Post Contributed by Vrusti, Sem IV, Institute of Law, Nirma University
Governor Raghuram Rajan-led Reserve Bank of India will start using consumer prices instead of wholesale prices as the inflation benchmark for valuing the Indian rupee against other currencies, a move that could make it less tolerant of appreciation by the rupee. The Indian rupee's value is set by the market, but the central bank tracks its relative value, known as the real effective exchange rate (REER), as a guidepost. Although the bank does not have a target exchange rate, it does intervene in the market to ease volatility.
Late on Friday, the central bank said in a statement that the consumer price index would now be used to arrive at the rupee's value on a REER basis. That is consistent with its move to make CPI the main inflation gauge, in a shift away from the wholesale price index. Annual CPI inflation in February was 8.10 percent, compared with 4.68 percent for the WPI. The switch to CPI means the rupee was overvalued by around 4 percent in March, based on what the central bank said was a REER of 104.20. A REER of 100 would mean the currency is fairly valued.
Previously, the rupee was undervalued at a REER of 89.46 in March, based on the WPI inflation benchmark.
The rupee has risen 2.8 percent in 2014. It closed at 60.08 to the dollar on Friday. Rupee appreciation has prompted the central bank to buy dollars in the market, increasing India's foreign exchange reserves by $5 billion in the week ended March 28, the biggest weekly gain in 4 months.

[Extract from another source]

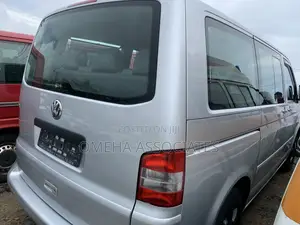Volkswagen Transporter 2009 Silver
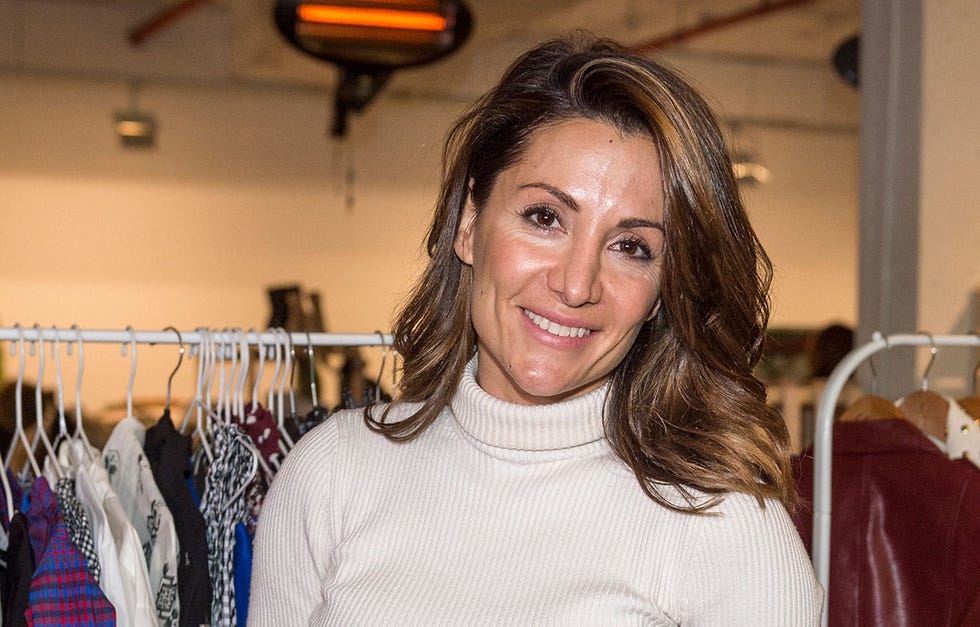 nagore robles ha puesto a la venta su ropa de segunda mano, así como la donada por algunas de sus compañeras de televisión, con la intención de conseguir fondos destinados a la asociación infantil oncológica de madrid y la protectora de animales santuario vegan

RBI shifts to CPI-based Real Effective Exchange Rate
(PTI) Shifting focus to retail inflation, the Reserve Bank today said it will compute and release Real Effective Exchange Rate (REER) only on the basis of the Consumer Price Index (CPI) as the price index for India from this financial year. "REER index constructed using a CPI for both India and trade partner countries would ensure a higher degree of comparability of former's international competitiveness vis-à-vis trading partner countries," the RBI said in a release. REER indicates movements in exchange rates of the home currency against a basket of currencies of trade partner countries and is considered to be an indicator of international competitiveness.
Since October 2013, the RBI has started providing indicative projections of inflation in terms of the broader CPI-Combined.
"Thus, with greater focus on CPI inflation as primary objective of domestic monetary policy, it is pertinent to have an alternative index of REER based on CPI," RBI said. Till now, in the case of India, the RBI was providing the REER index using the Wholesale Price Index (WPI) for India and CPI for partner countries. The RBI today released a monthly series on CPI-based REER for both six-currency and 36-currency baskets for the period April 2004 to March 2014.
It said from this financial year, only the CPI-based REER would be compiled and released.